20 subtle logic errors are planted across mart models for testing PR review tools. These are syntactically valid but produce incorrect results:
- Wrong join types (INNER vs LEFT)
- Off-by-one date filters
- Wrong aggregation (COUNT vs COUNT DISTINCT)
- Double-counting from fan-out joins
- Hardcoded values that go stale
- Wrong column in calculations
The answer key is available for validation.
jaffle-shop-expand/
├── analyses/ 3 ad-hoc analysis queries
├── data-tests/ 3 custom data test assertions
├── dbt_project.yml Project config with tags
├── macros/ 22 reusable macros
│ └── tests/ 4 custom generic tests
├── models/
│ ├── _groups.yml Team ownership groups
│ ├── docs.md Business concept documentation
│ ├── staging/ 88 staging models (6 domains + derived)
│ ├── intermediate/ 194 intermediate models
│ ├── marts/ 714 mart models (28 subdirectories)

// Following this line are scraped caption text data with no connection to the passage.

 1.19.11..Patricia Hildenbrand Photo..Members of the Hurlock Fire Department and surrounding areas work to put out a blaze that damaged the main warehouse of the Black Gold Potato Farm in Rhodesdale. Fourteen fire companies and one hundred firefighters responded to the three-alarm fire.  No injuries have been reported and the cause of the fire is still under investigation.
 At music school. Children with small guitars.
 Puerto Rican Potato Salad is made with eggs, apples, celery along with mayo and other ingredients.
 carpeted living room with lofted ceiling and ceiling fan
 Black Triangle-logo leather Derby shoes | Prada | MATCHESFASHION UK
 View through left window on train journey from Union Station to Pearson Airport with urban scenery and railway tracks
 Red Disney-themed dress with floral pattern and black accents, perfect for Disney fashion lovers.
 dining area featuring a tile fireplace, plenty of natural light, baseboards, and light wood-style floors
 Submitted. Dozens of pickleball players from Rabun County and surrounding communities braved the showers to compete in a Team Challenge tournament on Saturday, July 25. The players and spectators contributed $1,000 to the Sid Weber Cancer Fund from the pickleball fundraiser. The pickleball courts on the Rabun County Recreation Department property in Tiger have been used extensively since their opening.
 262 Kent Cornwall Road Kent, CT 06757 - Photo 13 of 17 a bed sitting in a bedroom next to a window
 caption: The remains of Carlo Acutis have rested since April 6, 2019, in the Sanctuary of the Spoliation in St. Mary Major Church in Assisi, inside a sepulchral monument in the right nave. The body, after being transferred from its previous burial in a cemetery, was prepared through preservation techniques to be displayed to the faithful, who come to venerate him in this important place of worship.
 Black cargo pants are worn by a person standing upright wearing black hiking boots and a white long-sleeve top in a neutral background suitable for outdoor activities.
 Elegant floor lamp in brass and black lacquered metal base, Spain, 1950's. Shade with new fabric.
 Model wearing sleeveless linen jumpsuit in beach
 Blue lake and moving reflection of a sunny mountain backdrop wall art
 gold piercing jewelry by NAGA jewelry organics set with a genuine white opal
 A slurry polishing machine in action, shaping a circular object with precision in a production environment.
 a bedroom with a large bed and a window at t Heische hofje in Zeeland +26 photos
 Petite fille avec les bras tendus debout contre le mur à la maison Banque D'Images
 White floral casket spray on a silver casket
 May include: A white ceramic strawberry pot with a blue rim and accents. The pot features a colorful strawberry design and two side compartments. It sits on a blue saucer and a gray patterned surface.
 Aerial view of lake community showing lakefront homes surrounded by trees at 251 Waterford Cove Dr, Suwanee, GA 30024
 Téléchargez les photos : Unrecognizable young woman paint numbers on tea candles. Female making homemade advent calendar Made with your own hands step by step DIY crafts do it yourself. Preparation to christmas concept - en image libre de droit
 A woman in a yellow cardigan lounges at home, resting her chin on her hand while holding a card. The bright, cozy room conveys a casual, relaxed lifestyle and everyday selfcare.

│ └── utilities/ 4 utility models
├── packages.yml dbt_utils, dbt_date, dbt_audit_helper
├── profiles.yml DuckDB (default) + Snowflake targets
├── seeds/ 58 CSV seed files (6 directories)
└── snapshots/ 2 snapshot definitions
Extended from dbt-labs/jaffle-shop (v3.0.0). The original 14 models and 6 seeds are preserved; all extensions are additive.